I can only assume there will have to be a tie-breaker involving a boerewors roll-eating competition.

Of course, all eyes will be on the New Zealand conference in which each team will play the other four teams in the conference and five teams in the Australian conference and four teams in one of the South African conferences (where three of the four teams in one conference are known - the other being a mystery), but then none of those teams in that conference the next year.

Then each team plays two more teams in its own conference, chosen by throwing all the names into a hat and having them drawn out during bingo night at the Ohaewai Tavern on the first Thursday of the month.

It is possible, under this system, for teams to actually find themselves drawn from the hat to play themselves, and they will be forced to field two teams, one wearing last season's away strip, in a match they can't lose but which carries no bonus points. It will be refereed by the players' mums.

And then there's the chance for Spain to host a team! Spain!

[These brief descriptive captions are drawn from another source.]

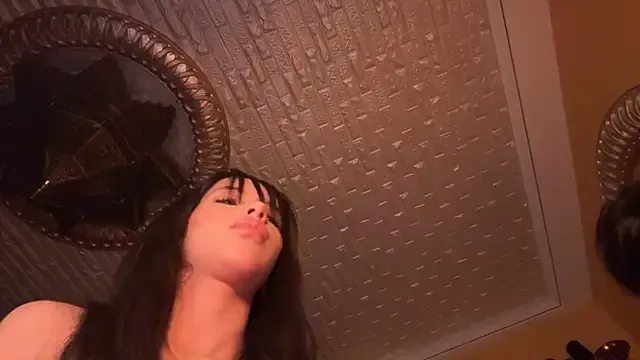 PollyElfi – webcam model profile photo Image 9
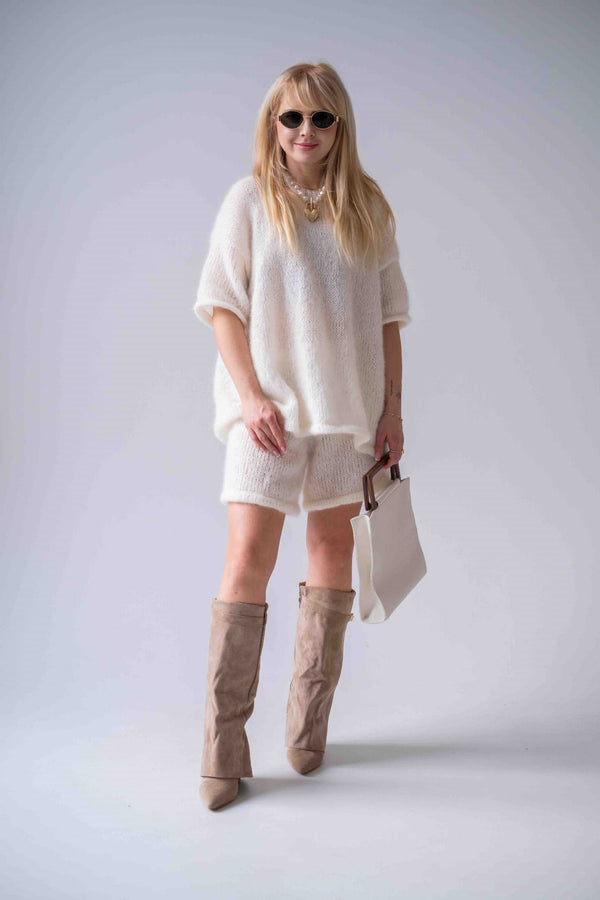 Kobieta w t-shircie i szortach Sirka handmade w kolorze ecru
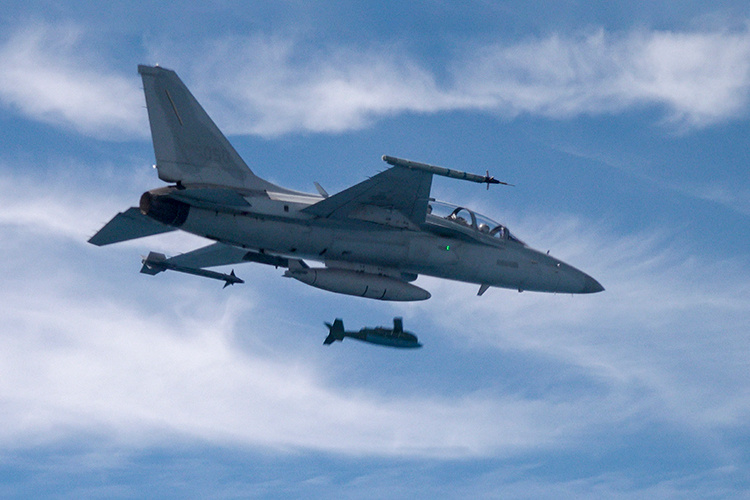    «Западный аналог JDAM массой от 230 до 960 килограммов и дальностью применения от 40 до 75 километров уже был на стадии практических испытаний в 1999 году».   
Фото: © South Korea Defense Ministry / Keystone Press Agency / www.globallookpress.com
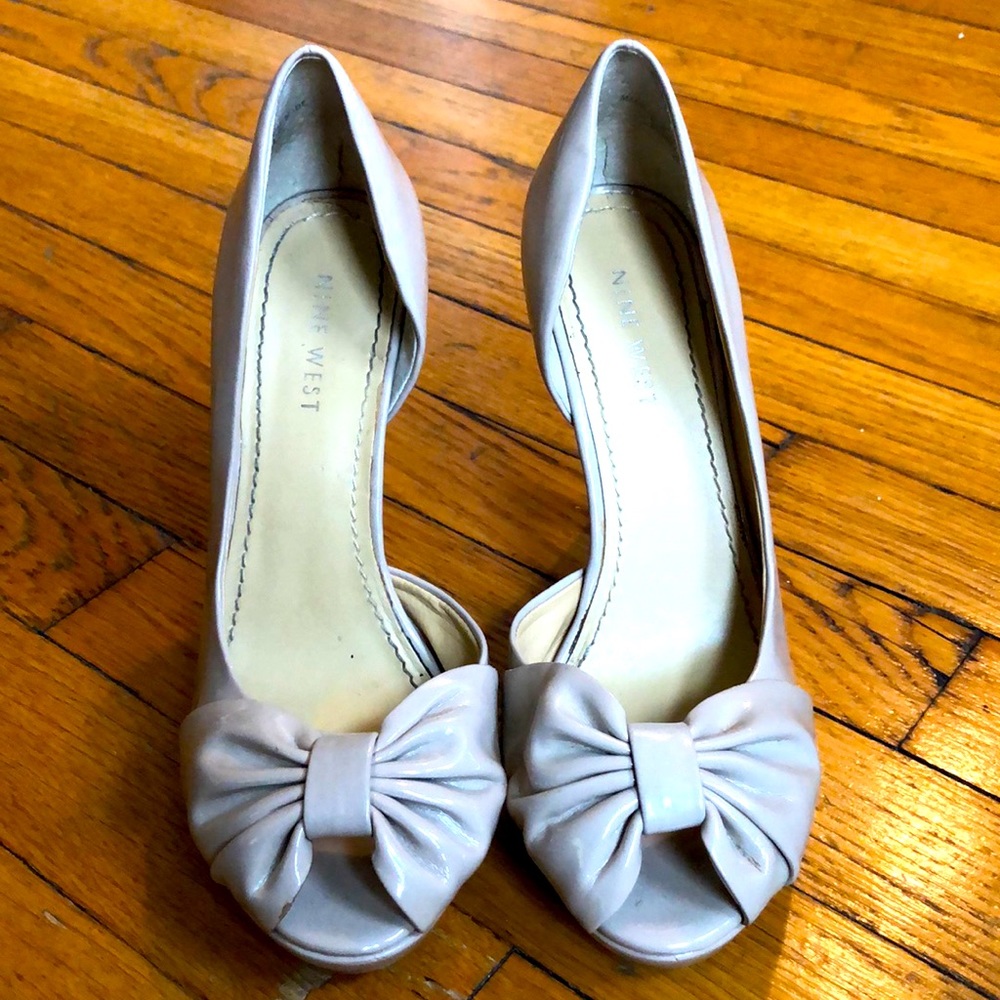 Nine West Open Toe Bow Nude Heels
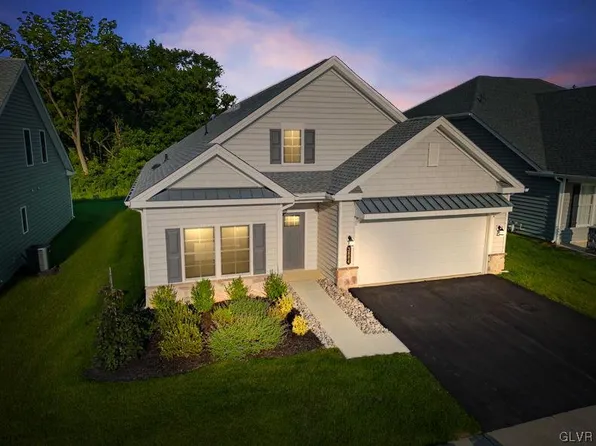 3884 Independence Dr, Easton, PA 18045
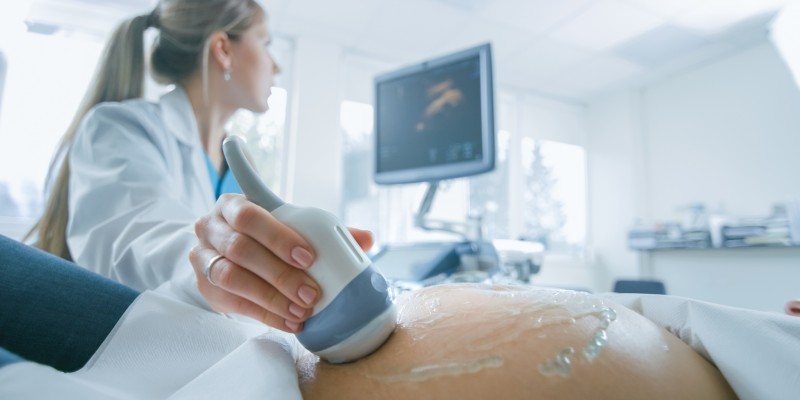 Obstetra destaca importância dos exames pela prevenção de doenças provenientes da gravidez 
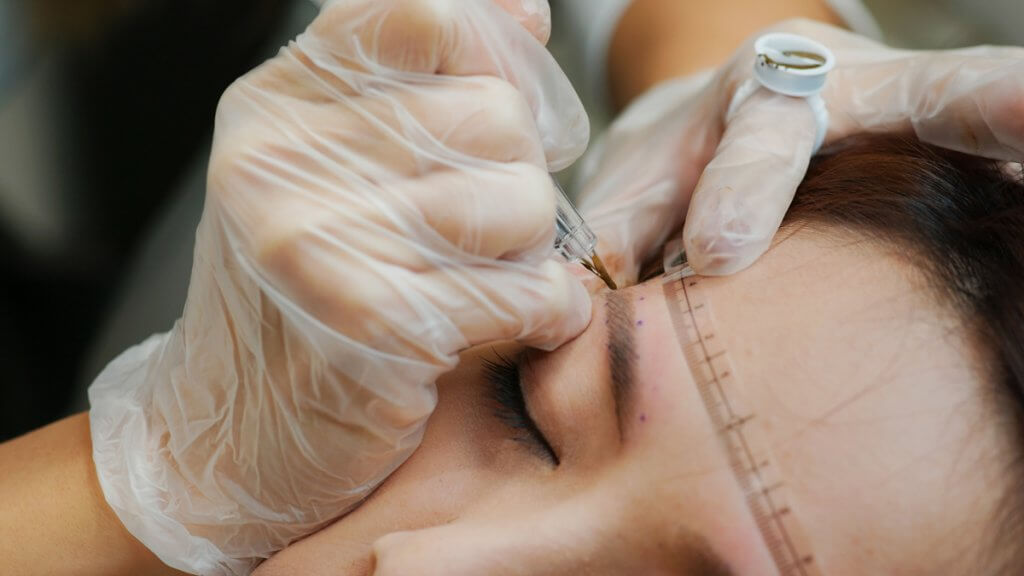 Microblading eyebrows work flow in a beauty salon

The team will obviously be called the Plains and will play mainly in the rain.

Spain makes a great base for a Super Rugby side given that even the most casual observer of the Champions League can see that the appetite for football in this nation is on the wane, and at least 23 people are agitating for change. Last time I looked, that's all you need for a rugby team. It's simple mathematics people. Even I can figure that one out.

Across in Australia though there will be some difficulties. Granted, each of the teams in the Australian conference will, like the teams in the New Zealand conference, play each of the other teams in the Australian conference, before playing all five teams in the New Zealand conference and one of the conferences in the other division before choosing the two remaining in-conference games by pitting Wallaby players from each team against one another in a 4am milkshake drinking competition in a central-city McDonald's.

It all makes perfect sense to that point, but then it gets confusing, given ARU chief executive Bill Pulver will likely insist each of the games is played a week earlier than advised.

So there it is. I'm now on top of the whole expansion thing. It wasn't really that hard after all. All it takes is a bit of creative mathematics, and a complete faith in uneven equations. So let me charge my glass and raise a toast.

To player welfare.

Ground-breaking Brumbies?

Seems strange to think it but the Brumbies will be entering new territory when they face the Crusaders tomorrow night. The Australian franchise has never met the Crusaders at AMI Stadium at Addington. They may want to use the whole "first time for everything" theme to their advantage, considering no Australian or South African side has tasted victory since the venue was opened for round five action in 2012. The Crusaders have been defeated only three times in 18 games there - by the Hurricanes (twice) and the Chiefs.

Hypnosis gone wrong?

Seems there has been a lack of thorough investigation into the Chiefs' two-game losing streak. Having now gone down against the Crusaders and the Brumbies it has become obvious that the link has been staring everyone on the catatonic face all along, namely this could be a case of hypnosis gone wrong. We all know a hypnotist was in action at the ground on the evening of the Crusaders match. We are now almost certain the players may well have been caught in the crossfire. They certainly have looked very, very sleepy.

One for the Mule

Quade Cooper will be centre of attention this weekend as he runs out for his 100th cap for the Reds and good on the bloke. Wynne Gray's column yesterday was dead right - Quade is an entertainer and he deserves respect. Not so much of an entertainer, Chris King will line up for his 100th cap for the Highlanders and you have to hope his team mates will give it 100 per cent for the Mule. A great team man, Mule was denied a chance for 100 Southland caps when his contract was not renewed but now he'll have a hundy for the Highlanders instead.